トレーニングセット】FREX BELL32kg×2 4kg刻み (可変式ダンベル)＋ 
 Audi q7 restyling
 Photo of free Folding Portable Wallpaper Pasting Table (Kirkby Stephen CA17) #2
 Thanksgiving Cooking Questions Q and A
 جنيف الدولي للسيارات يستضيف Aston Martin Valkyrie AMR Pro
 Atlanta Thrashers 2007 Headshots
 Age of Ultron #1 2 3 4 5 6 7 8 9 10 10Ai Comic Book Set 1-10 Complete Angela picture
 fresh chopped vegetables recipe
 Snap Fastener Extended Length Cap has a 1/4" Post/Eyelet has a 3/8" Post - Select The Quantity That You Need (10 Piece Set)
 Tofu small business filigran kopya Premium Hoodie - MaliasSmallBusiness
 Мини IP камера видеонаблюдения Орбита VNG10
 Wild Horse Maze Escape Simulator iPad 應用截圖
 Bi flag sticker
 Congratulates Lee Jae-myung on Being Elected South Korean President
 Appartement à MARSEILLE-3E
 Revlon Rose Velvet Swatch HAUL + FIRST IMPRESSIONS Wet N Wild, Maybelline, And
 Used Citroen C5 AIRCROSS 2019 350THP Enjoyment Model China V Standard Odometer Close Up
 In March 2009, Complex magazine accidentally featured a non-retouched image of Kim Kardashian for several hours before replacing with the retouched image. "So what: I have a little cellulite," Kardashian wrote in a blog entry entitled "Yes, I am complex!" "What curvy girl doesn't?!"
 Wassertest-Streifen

▶ _How to complete this task_:
Every line of the entries above that includes "Wild" should be copied.

▶ _Solution for this task_:
 Wild Horse Maze Escape Simulator iPad 應用截圖
 Revlon Rose Velvet Swatch HAUL + FIRST IMPRESSIONS Wet N Wild, Maybelline, And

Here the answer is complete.